Under Match Tab, by default Destination Zone is set. Click Destination and remove existing zone. It should be empty.
Next, click Source and select Source Zone which matches traffic in WAN Transport VR coming from LLAN Transport VR. In this example it will be W-ST-Versa-LAN-INET, where W-ST means traffic comes from LAN VR to WAN VR in a split tunnel concept, Versa is a tenant name, LAN is a network name in LAN Transport VR and INET is a network name in WAN Transport VR.
The same configuration should be done for all DIA CGNAT Rules used for a data plane.
5. Verification steady state
INET1 and INET2 both have the same priority, therefore in a steady state traffic for selected application hosted on Internet should be load balanced. To verify, firstly that administrator can check session extensive details. Open VOS appliance view and navigate to Monitor -> Services -> Sessions and click filter icon on the left side as highlighted below.
In the session filter select Extensive view and filter your application using Session Search Criteria options. As in below example there are multiple sessions initiated for the same application behind VOS device and all of them are equally distributed among INET1 and INET2 links.
To verify that both INET 1 and INET2 are SLA compliant path navigate to Monitor -> Networking -> SaaS App and select monitor type local, brief or detail view and your SaaS monitor.
In this case both INET1 and INET2 have latency less than 100 msec, therefore they are both SLA compliant links.
Another useful method to gather information on nexthop statistics is under Monitor -> Services -> SDWAN -> Policies. Select Default SDWAN policy and Nexthop Statistics view. Next, click on view for selected rule name. Here administrator can check nexthop status, if it is active which means SLA compliant, etc for every WAN Transport.
6. Verification failover condition
Now lets consider performance degradation happened on INET1 connection where latency violate expected SLA. Navigate to Monitor -> Networking -> SaaS App and select monitor type local, brief or detail view and INET1 SaaS monitor. SaaS App monitor detected change of underlay performance.
Now it is expected that INET1 should become violated. Navigate to Monitor -> Services -> SDWAN -> Policies. Select Default SDWAN policy then Nexthop Statistics view and open rule which set SLA compliance for selected applications. This way Administrator can detect SLA violation using INET1 as below.
Because INET1 is violated, nexthop is not active for the forwarding decision.
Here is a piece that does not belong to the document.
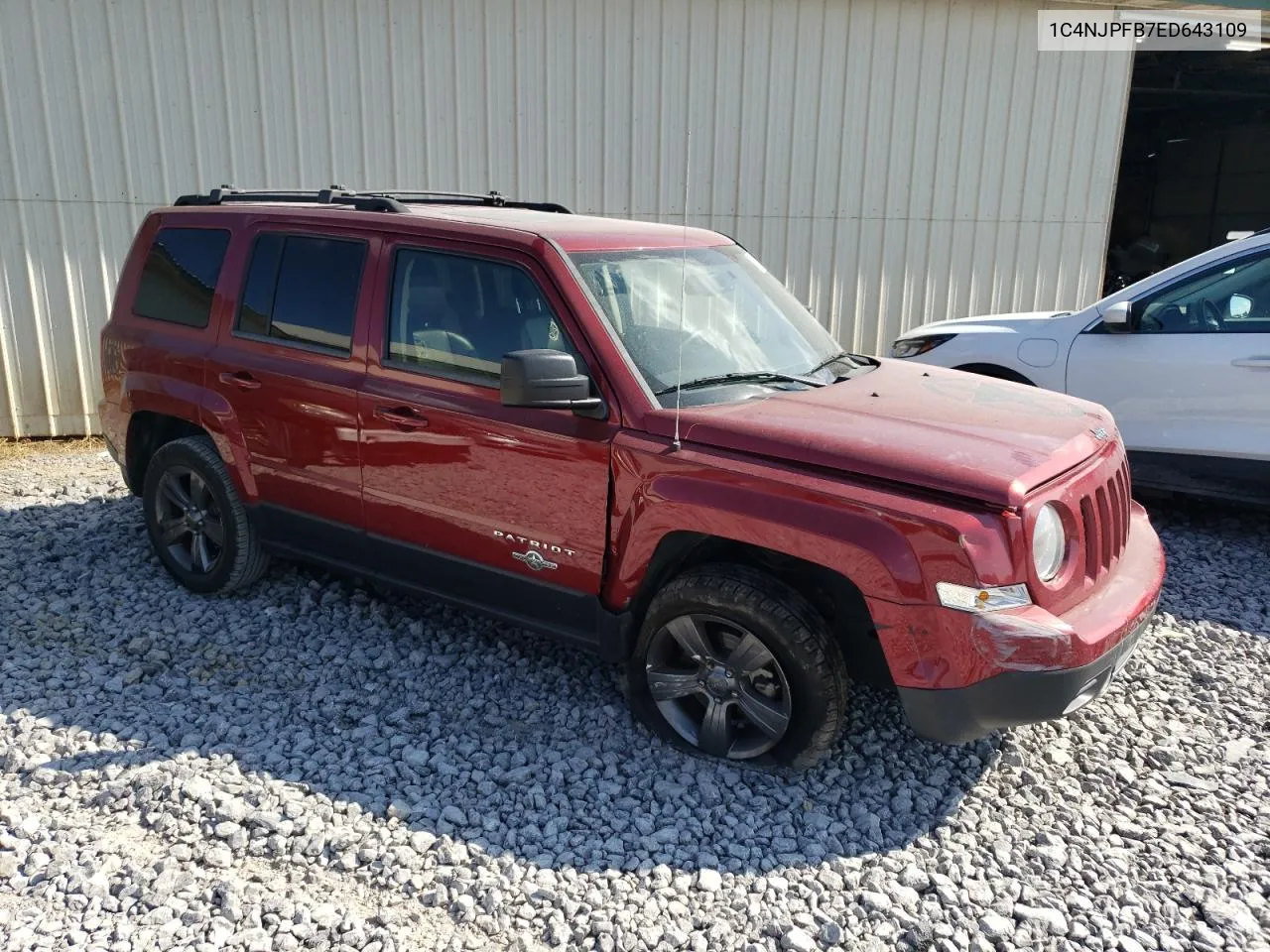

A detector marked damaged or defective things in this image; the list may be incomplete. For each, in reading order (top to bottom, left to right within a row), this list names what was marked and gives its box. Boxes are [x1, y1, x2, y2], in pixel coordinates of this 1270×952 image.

dented front bumper [894, 508, 1163, 746]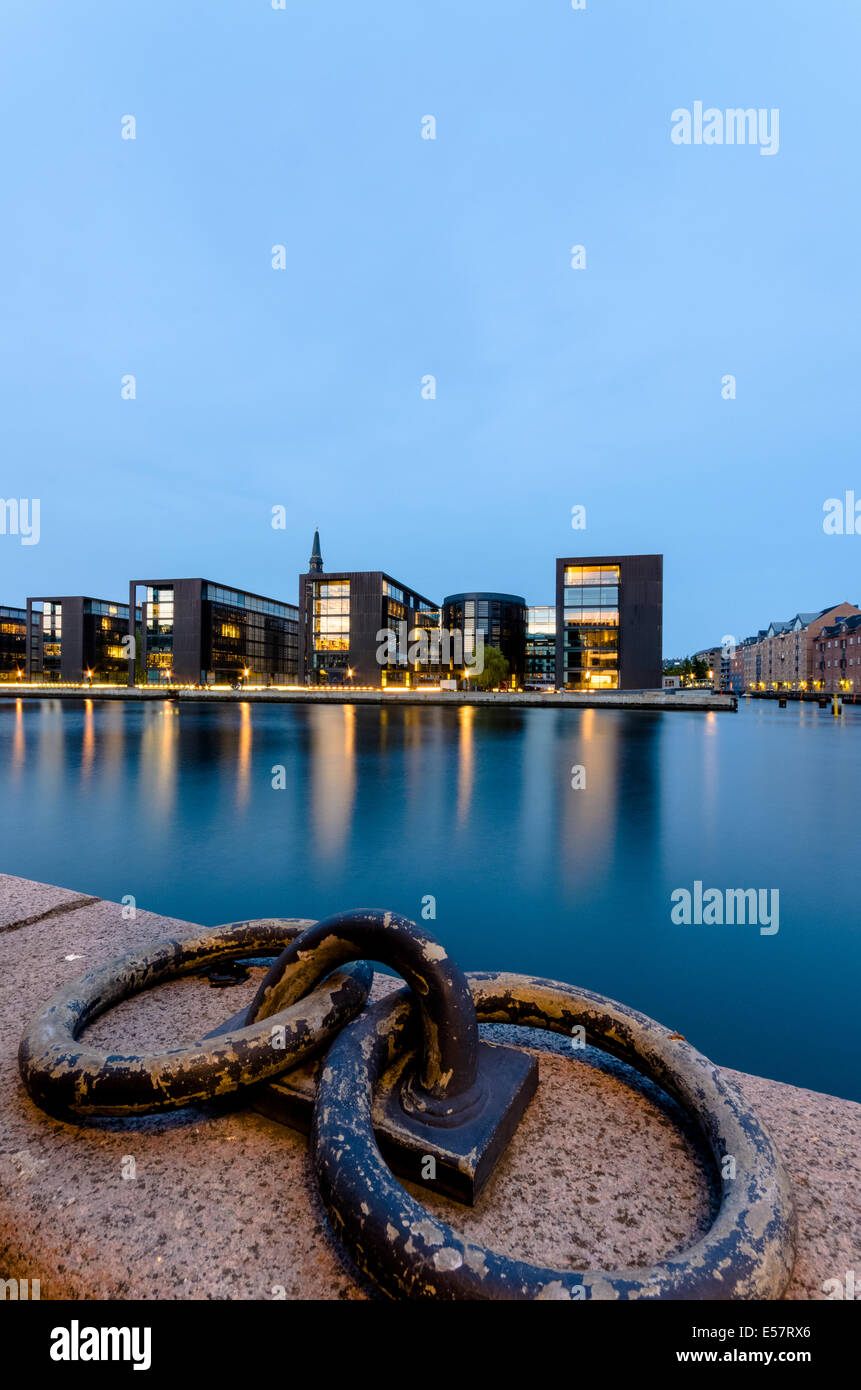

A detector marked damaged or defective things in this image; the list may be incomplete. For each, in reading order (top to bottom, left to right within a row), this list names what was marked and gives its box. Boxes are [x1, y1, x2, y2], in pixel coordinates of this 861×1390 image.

rusty metal ring [18, 917, 372, 1123]
rusty metal ring [312, 973, 795, 1295]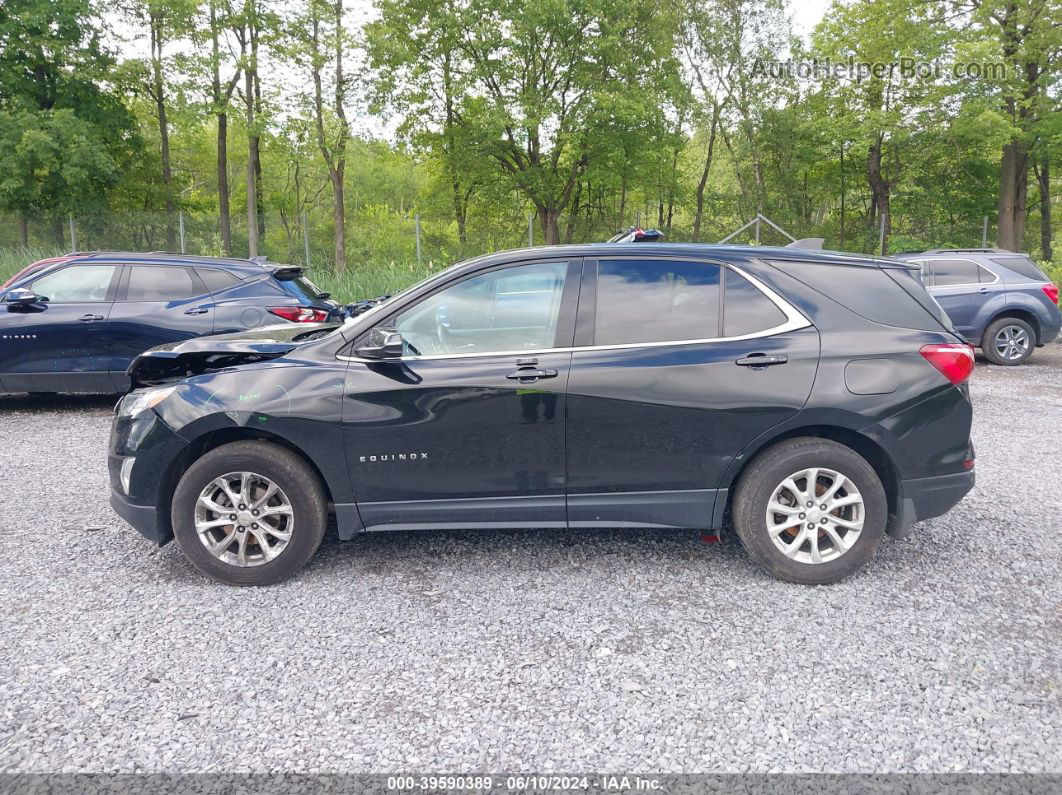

Now, all iPerf session should use INET2 only, as the output below confirms. Navigate to Monitor -> Services -> Sessions and click filter icon. For session detail Administrator can see that all traffic use INET2.
*Note, with nexthop re-evaluate option, all existing sessions will also gradually move to INET2.
7. Conclusions
In this article we demonstrated how efficiently leverage DIA traffic steering policies on VOS Edge appliance considering Internet performance metrics.